Анатолий Чубайс: великий инквизитор - страница 5

стр.

Привел меня туда как «независимого экперта» (и это в ЦК предусмотрели) будущий «прораб перестройки» Юрий Афанасьев, мой однокашник по истфаку МГУ, с которым перед этим мы еще пять лет проработали в ВКШ при ЦК ВЛКСМ: он — проректором, я — завкафедрой.

Сама организация работы была традиционно-цековской: именно так собирали рабочие группы для подготовки материалов к отчетному докладу генсека на очередном съезде партии: привозили, «запирали» на недели (отпускали лишь на субботу и воскресенье к семьям), кормили-поили, вечерами показывали запрещенные в массовом кинопрокате иностранные фильмы, а днем «интеллектуальные негры» строчили бумаги.

На этот раз «строчить» не требовалось: выступали по секциям, речи записывались на магнитофон, можно было также подать письменные тезисы инструкторам ЦК или положить их в специальные открытые ящики в холлах. Словом, Андропов собирал «интеллектуальный урожай» от молодежи Москвы и из глубинки (Ленинград, Новосибирск). Мы несколько дней ходили с Афанасьевым по секциям: впечатление было противоречивым — говорил каждый, кто во что горазд, но, конечно, все дружно осуждали «капиталистический рынок», за исключением, пожалуй, «кружковцев» Чубайса[9]. Один их них, Сергей Игнатьев (ныне председатель правления Центробанка РФ) произвел впечатление своим выступлением о новейших тенденциях экономической мысли на Западе, в частности анализом концепции конвергенции американца Уолта Ростоу (Техасский университет, г. Остин), которая основывается на высоких технологиях. А не по делению мира по идеологическому принципу — «мир капитализма» или «мир социализма» (у нас эти идеи активно пропагандировал тогда акад. А.Д. Сахаров).

Сегодня некоторые апологеты-«спичрайтеры» Чубайса изображают этот кружок как едва ли не плехановскую «Группу Освобождения Труда» (1883 г.), только не по пропаганде марксизма, а, наоборот, капитализма в России (см.: Андрей Колесников. Неизвестный Чубайс. М., 2003, с. 15).

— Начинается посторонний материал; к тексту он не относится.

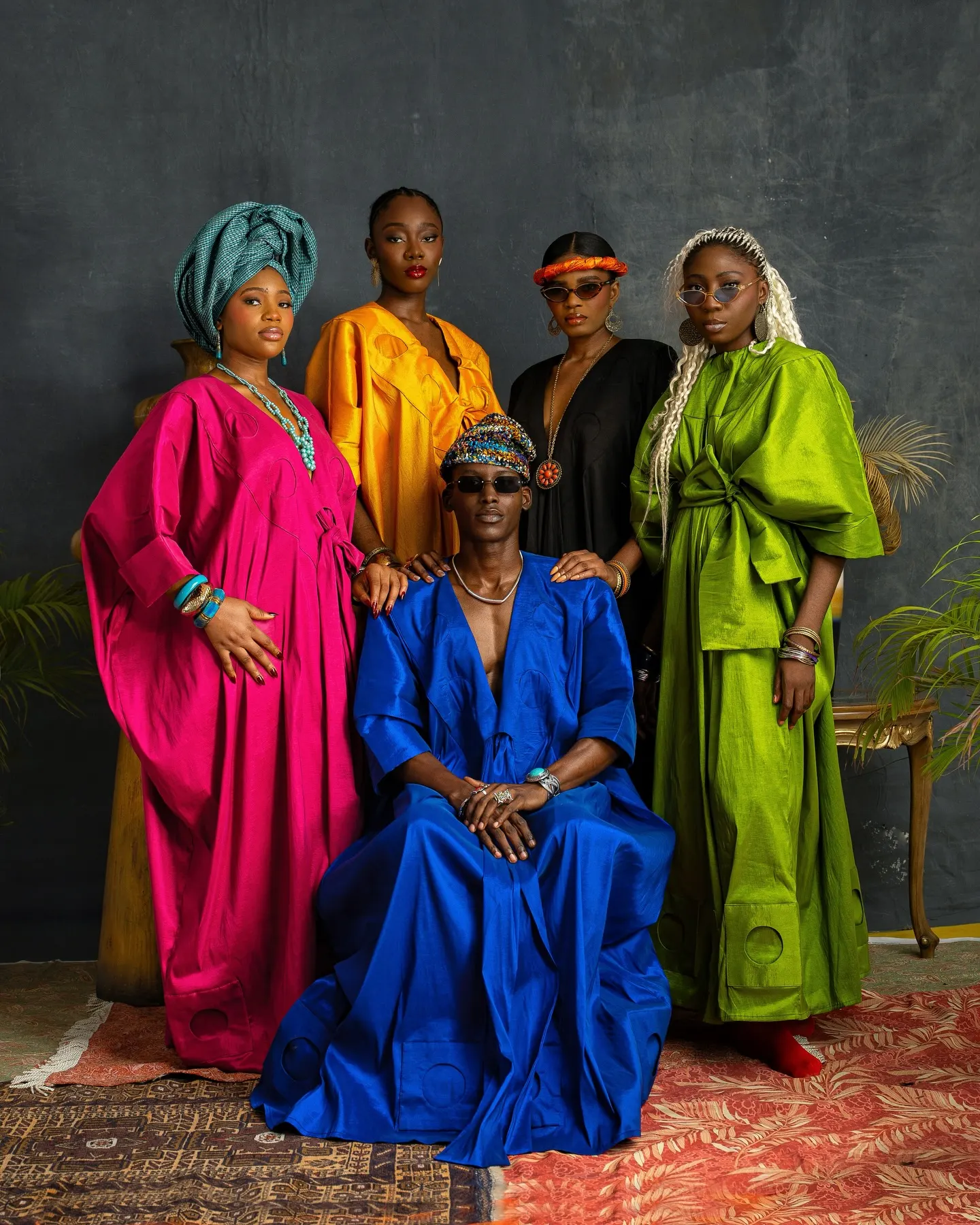 Five models in jewel-toned silk kaftans — magenta, marigold, black, green and cobalt — pose in a tight group against a mottled grey studio canvas.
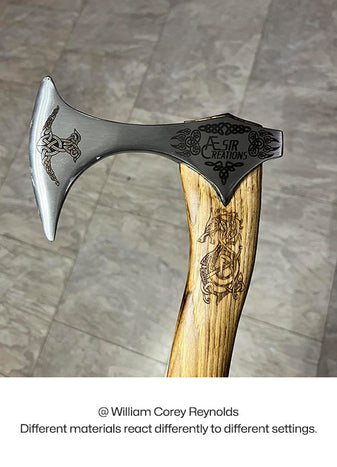 Axe with engraved patterns, made by William Corey Reynolds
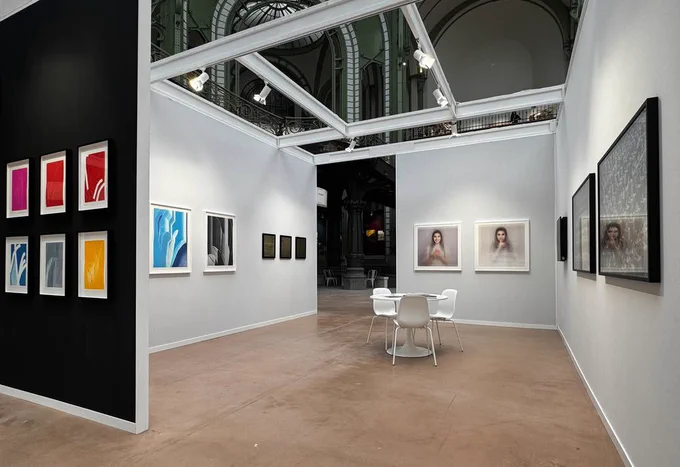 A art fair booth with framed art on the walls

Однако нельзя не отметить, как по сравнению с эпохой Хрущева в эпоху Андропова изменилась обстановка: в 1957 г, за такой же, хотя и исторический, кружок аспирантам истфака МГУ Краснопевцеву и Обушенкову «припаяли» по десять лет лагерей, а Чубайса с его кружковцами в 1983 г. позвали в цеховский пансионат «пошевелить мозгами»…

Именно там, в «Соснах», я увидел и познакомился со многими из будущих «прорабов перестройки» — Гавриилом Поповым, будущими реформаторами-«гайдаровцами» во главе с их тогда еще не столь упитанным «мэтром», «богомоловскими птенцами» (Миграняном, Ципко, Лилией Шевцовой и др.).

Однако обращал на себя внимание Чубайс, но не нынешней самоуверенностью «начальника электрорубильника», а худобой, видом «хиппи» (волосы до плеч) и поразительной прожорливостью — он моментально сметал все «цековские харчи» и постоянно подкладывал себе добавки. «Кружковцы» его были ребята простые, словоохотливые. По простоте душевной рассказывали: «А мы думали, что нас в Москву «замели» как полудиссидентов, за кружок наш, чтобы в тюрягу посадить (за ними в институт пришли двое «в штатском», ничего не объясняя, велели явиться на Московский вокзал, всю ночь в поезде молчали, из купе разрешали выходить лишь по нужде), а оно вона как обернулось — пансионат ЦК!!!»

И при этом в глазах тоска провинциальных доцентов — так, может, и в Москву на работу позовут, не боги же горшки обжигают, вон и Алексашка Меншиков пирожками торговал, а в какой «случай вышел» — «светлейшим князем» при Петре Великом стал…

Тогда, в 1983–1984 гг., попавшие в «список Андропова» провинциальные доценты не были востребованы «в верха» (Чубайсу не удалось даже прорваться в инструкторы ленинградского обкома в Смольном, хотя в своем ЛГИЭИ он уже делал партийную карьеру — несколько лет был зам. секретаря парткома по идеологии). А вот некоторые москвичи все же «вышли в случай»: одними из первых после того «хурала» в «Соснах» при Черненко в 1984 г. получили назначения Егор Гайдар и Юрий Афанасьев: оба были утверждены Политбюро ЦК КПСС членами редколлегии и редакторами отделов журнала «Коммунист»: один — по экономике, другой — по истории.